Lighting Hardware
Instructor-only material. Not published publicly in Phase B.
Delivery context
B10 is the operational depth module behind B09. Where B09 explained “continuous vs strobe” as a conceptual decision, B10 walks through Fomei LED DMX panel menus, Digital Pro X encoder gestures, and Broncolor Siros WiFi pairing step by step. This is the most hands-on module in the lighting pair — if you have lab access, use it.
Calibration: ask up front — “who has worked with Broncolor lights before?” and “who has done a WiFi network setup with a separate subnet?” Hardware specialists with both backgrounds will breeze through; those without either will need extra time on Sections 4 and 4.4.
Time allocation (60 min textbook + 20-30 min workbook + hands-on)
Textbook block (60 min)
| Min | Topic | Format |
|---|---|---|
| 0-3 | Where B10 fits (operational depth vs B09 concept) | Talk |
| 3-15 | Fomei LED DMX 150B / 300B / 600B operation | Live demo of front panel |
| 15-25 | Fomei Digital Pro X encoder gestures + Group/Channel | Live demo + show wireless receiver |
| 25-40 | Broncolor Siros + WiFi pairing — the major demo | Live full pairing sequence |
| 40-50 | RFS 2.1 transceiver + camera-side trigger | Show RFS 2.1 on camera hot-shoe |
| 50-58 | Troubleshooting checklist | Talk through 6 scenarios |
| 58-60 | Maintenance schedule + Q&A | Talk |
Workbook block (20-30 min)
- Exercises 1-2 (5-10 min): Fomei model recall + control mode matching
- Exercise 3 (5-10 min): Siros pairing sequence ordering — major operational exercise
- Exercise 4 (5-10 min): troubleshooting matching
- Exercise 5 (5-10 min, network-specialist track): full network design
- Exercise 6 (2 min): pre-flight
Live demo points
The Broncolor Siros pairing demo is the single highest-value moment. If you have a lab with a Siros, a router, and a TP-Link AP, do the full factory-reset-to-magenta-WiFi sequence live with students watching. Total time: ~10 minutes when smooth, ~20 minutes when students ask questions.

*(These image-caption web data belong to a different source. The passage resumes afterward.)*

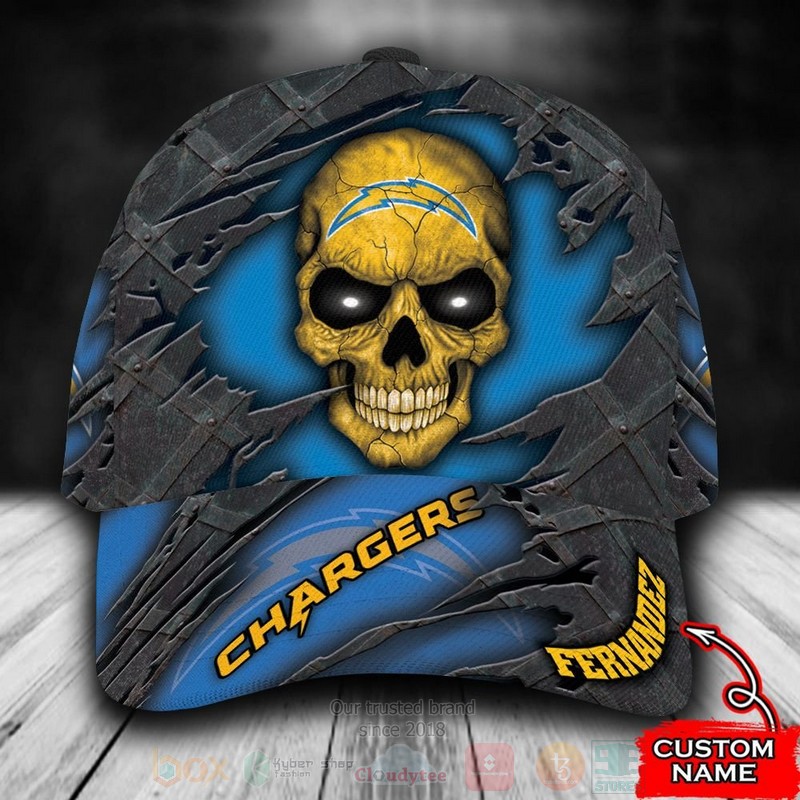NFL_Los_Angeles_Chargers_Skull_Custom_Name_Grey_Cap
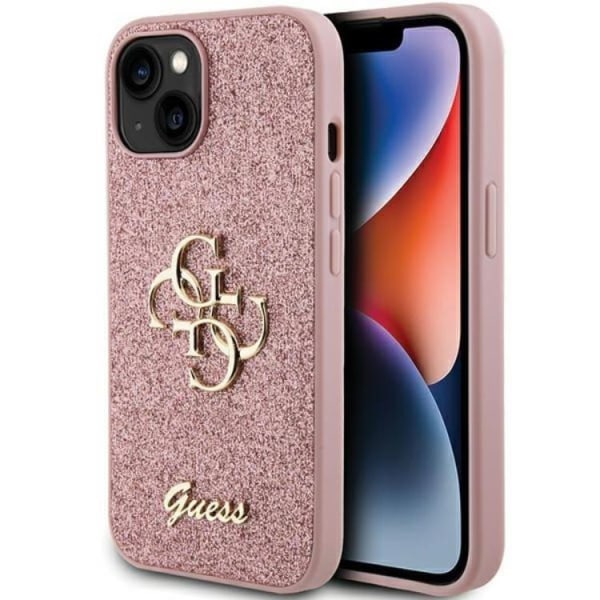 Guess iPhone 15 Plus Mobile Cover Glitter Script Big 4G - vaaleanpunainen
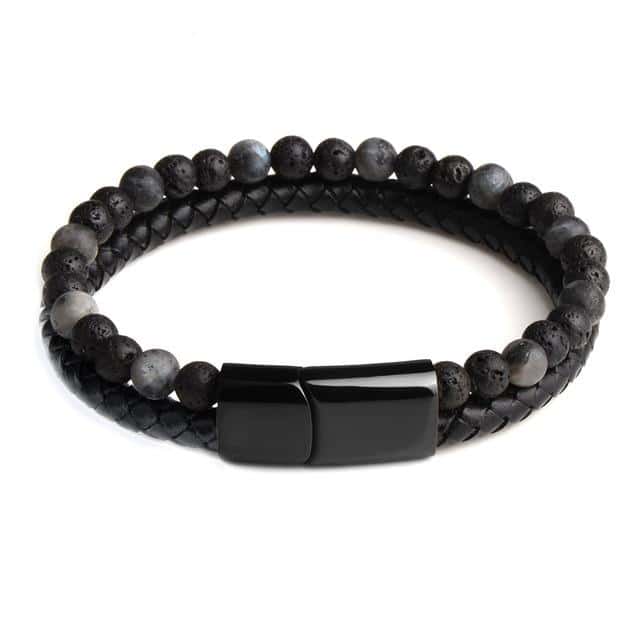Anti-Stress-Armband  Leder, Schwarzer Obsidian Und Lavastein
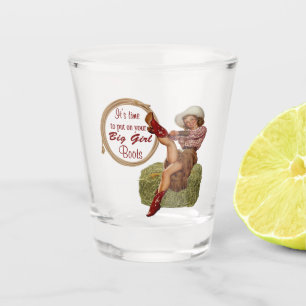 Western meisje zet grote meisjesboeken aan Shot Glas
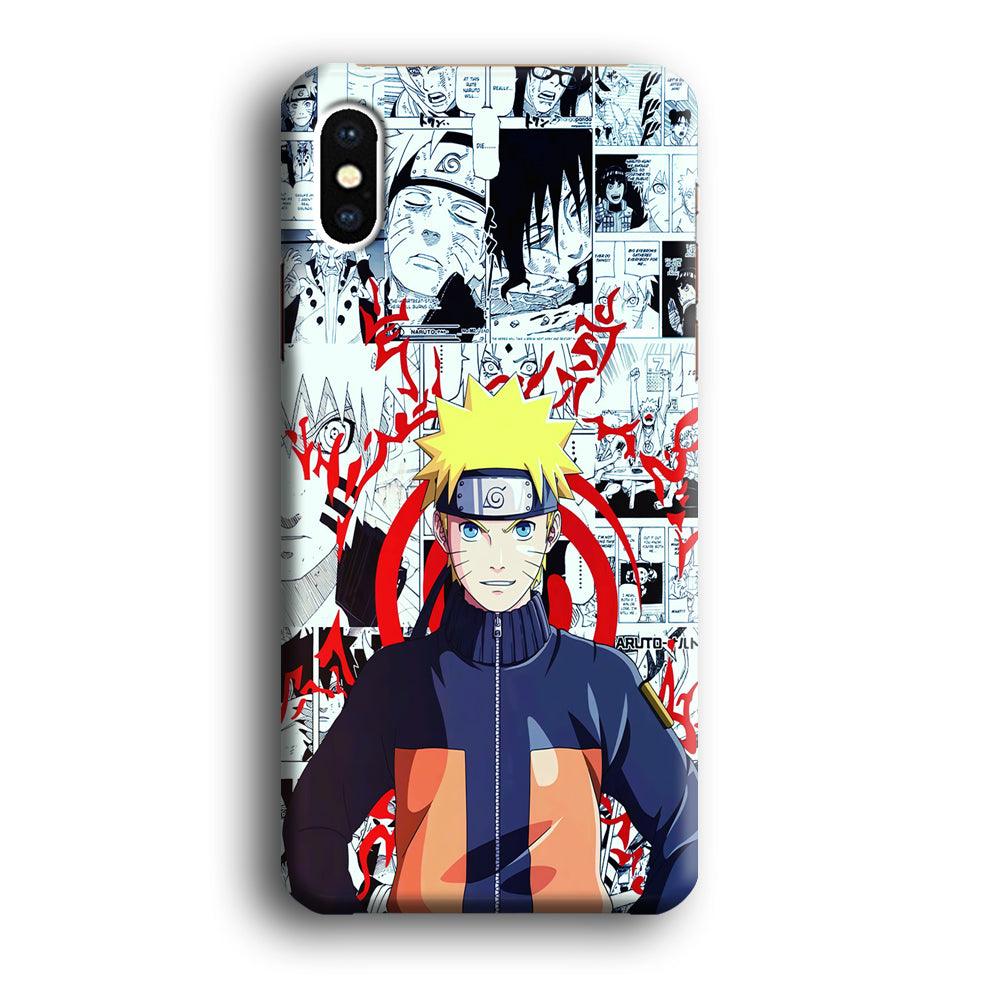 Naruto Comic Background iPhone Xs Case-Plastic / Full Wrap (3D Case)-Xtracase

If no lab access: pre-recorded screencast walking through each step with annotations.
Common mistakes / misunderstandings to anticipate
“Why two strobe vendors? Just pick one.”
Reframe: PhotoRobot’s official recommendation is Broncolor for production. Fomei Digital Pro X exists in the documentation because some customers have budget constraints + the Digital Pro X works acceptably for non-high-volume work. If you can afford Broncolor, use Broncolor. Otherwise the Digital Pro X is a known-supported fallback.
“DMX is too complex; can we just use Bluetooth from the DESAL app?”
Reframe: Bluetooth from DESAL is fine for ad-hoc / testing. For production, DMX networked control gives CAPP the ability to drive lights from preset scopes — and that’s where the operator-productivity wins come from (B09 Exercise 6).
“Channel 9 — why not Channel 1 or 11 like every other WiFi I’ve ever set up?”
Reframe: Broncolor’s documentation explicitly recommends Channel 9. Their hardware was tested at that channel for the RFS sync at 2.4 GHz. Use Channel 9 unless you have a specific reason (interference check showed channel 9 is congested at your site).
“I’ll skip the dedicated Mikrotik + TP-Link and just use the corporate office router”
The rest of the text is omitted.